Former DCFS director Richard H. Calica dies after battle with cancer
BY CHRIS FUSCO Staff Reporter December 23, 2013 9:44AM
Updated: January 25, 2014 6:15AM
Richard H. Calica, who just weeks ago left his post as director of the Illinois Department of Children and Family Services, died early Monday morning, Gov. Pat Quinn’s office said.
Calica, 67, had been diagnosed with cancer and had undergone surgery in recent months. He had been DCFS director from December 2011 until last month, when he announced his diagnosis.
“He’s a guy that knows more about child safety and child protection issues than anyone I’ve found in the country,” said Jess McDonald, another former DCFS director who met Calica in the 1970s when the two were graduate students at the University of Chicago School of Social Administration.
Calica’s experience as a lifelong clinical social worker gave him a unique perspective on the DCFS director’s post, McDonald said. It allowed him to connect with employees who do the agency’s front-line work.
“He is so candid about stuff, it’s disarming,” McDonald said. “He didn’t sugarcoat anything. It’s a good thing he wasn’t a chef.”
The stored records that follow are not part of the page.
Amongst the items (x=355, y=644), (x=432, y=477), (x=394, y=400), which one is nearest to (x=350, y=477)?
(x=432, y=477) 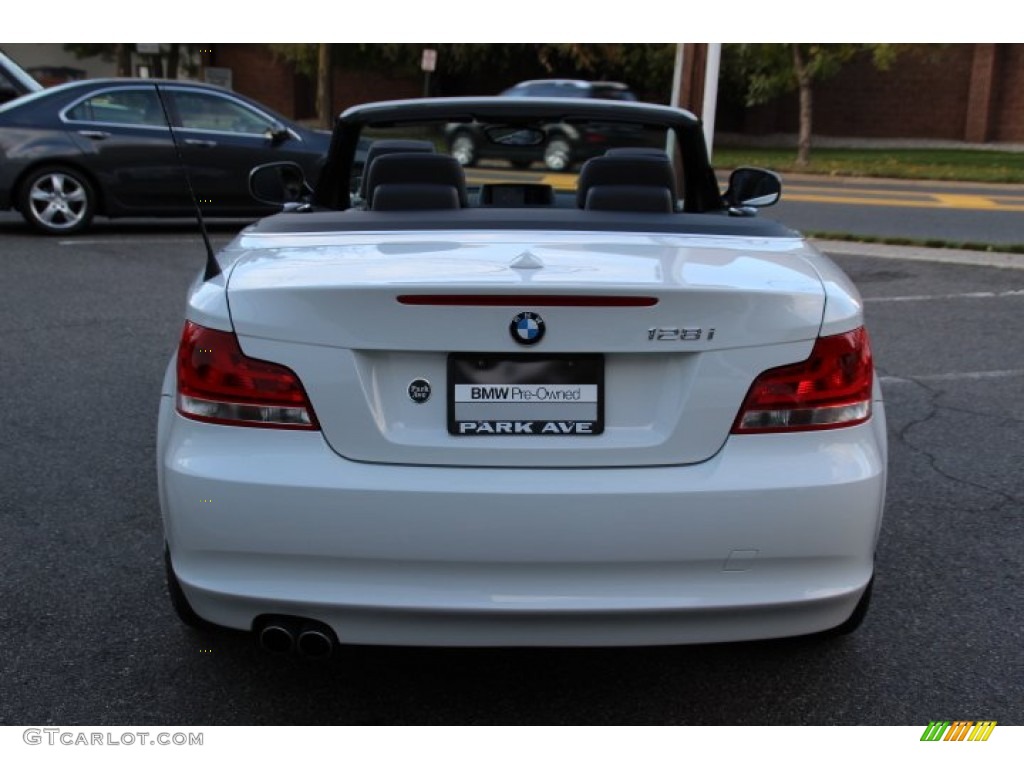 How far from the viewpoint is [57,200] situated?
12398 mm

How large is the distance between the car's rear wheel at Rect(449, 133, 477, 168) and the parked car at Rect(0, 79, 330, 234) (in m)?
10.3

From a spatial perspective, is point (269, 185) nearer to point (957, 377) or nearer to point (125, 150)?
point (957, 377)

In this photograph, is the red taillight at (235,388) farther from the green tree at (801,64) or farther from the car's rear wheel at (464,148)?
the green tree at (801,64)

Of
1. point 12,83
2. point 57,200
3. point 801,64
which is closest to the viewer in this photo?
point 57,200

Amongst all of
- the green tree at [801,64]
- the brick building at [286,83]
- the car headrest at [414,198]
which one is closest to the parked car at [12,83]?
the car headrest at [414,198]

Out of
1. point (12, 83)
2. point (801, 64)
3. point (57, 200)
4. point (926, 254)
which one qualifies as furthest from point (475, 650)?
point (801, 64)

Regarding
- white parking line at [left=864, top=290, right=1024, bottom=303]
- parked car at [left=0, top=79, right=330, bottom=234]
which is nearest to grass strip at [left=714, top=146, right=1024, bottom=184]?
white parking line at [left=864, top=290, right=1024, bottom=303]

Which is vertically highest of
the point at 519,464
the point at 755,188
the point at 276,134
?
the point at 755,188

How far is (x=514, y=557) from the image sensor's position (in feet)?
9.02

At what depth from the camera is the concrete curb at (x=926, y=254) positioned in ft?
36.2

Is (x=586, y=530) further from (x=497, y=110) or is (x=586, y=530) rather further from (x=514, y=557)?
(x=497, y=110)

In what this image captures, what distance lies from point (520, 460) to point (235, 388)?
67cm

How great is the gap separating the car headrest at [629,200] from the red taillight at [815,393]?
4.38 feet

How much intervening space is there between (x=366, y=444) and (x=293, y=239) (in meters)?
0.89
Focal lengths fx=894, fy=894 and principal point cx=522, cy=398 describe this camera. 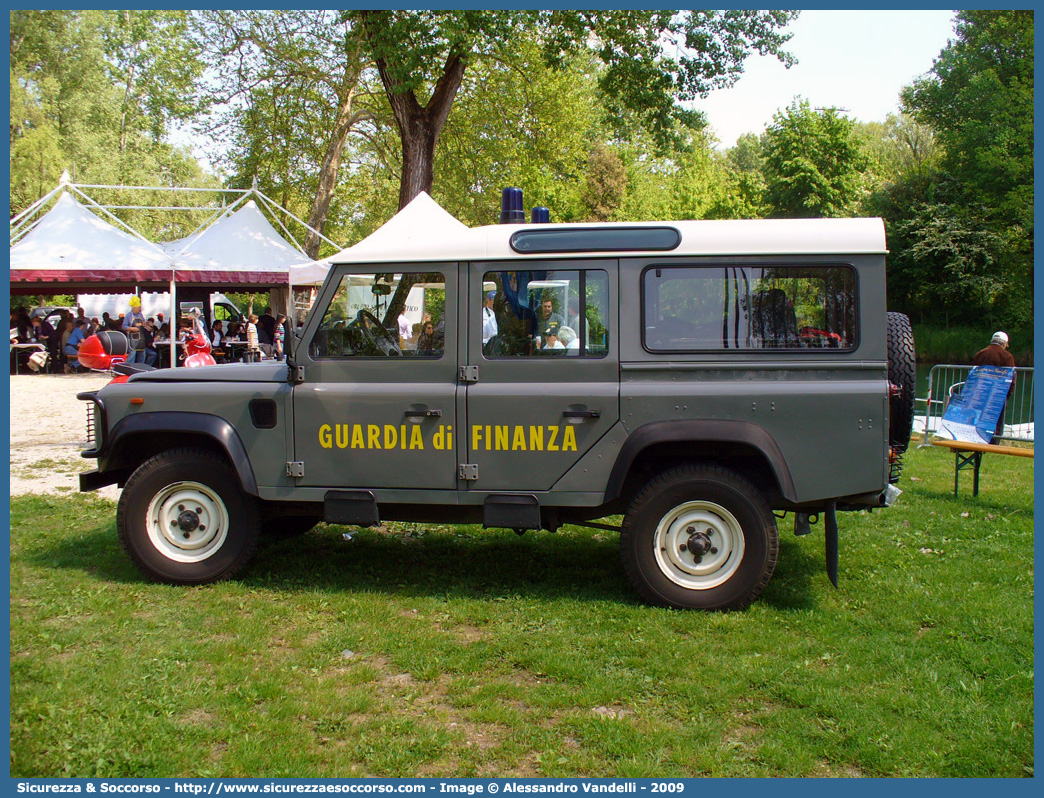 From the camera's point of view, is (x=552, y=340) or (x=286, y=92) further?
(x=286, y=92)

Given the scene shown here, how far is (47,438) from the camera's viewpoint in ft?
40.4

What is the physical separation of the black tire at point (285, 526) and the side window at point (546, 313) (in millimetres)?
2269

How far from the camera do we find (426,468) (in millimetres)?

Before joining Quinn’s administration, Calica was executive director of the Chicago-based Juvenile Protective Association for more than three decades. He also served on the faculty of the Institute for Clinical Social Work and at the Loyola University of Chicago School of Social Work.
Besides holding a master’s degree in social work from the University of Chicago, Calica completed a postgraduate fellowship in clinical social work at Michael Reese Hospital and Medical Center Division of Psychiatry. He has a bachelor’s degree in psychology from Brooklyn College.
Calica, of Highland Park, took over DCFS from Erwen McEwen, who’d resigned amid a contracting scandal involving millions of dollars in state grants. Calica sought to improve the agency’s record on child-safety issues, adding 138 new investigators to DCFS by eliminating management posts and modernizing its hotline system.
“Richard Calica was a dedicated advocate for our most vulnerable children. He always put their safety and well-being first.” Quinn said in a statement. “I send my condolences to Richard’s family and friends. They are in our thoughts and prayers during this most difficult of times.”
Survivors include Calica’s wife, Judy, and a son, Andrew, according to McDonald.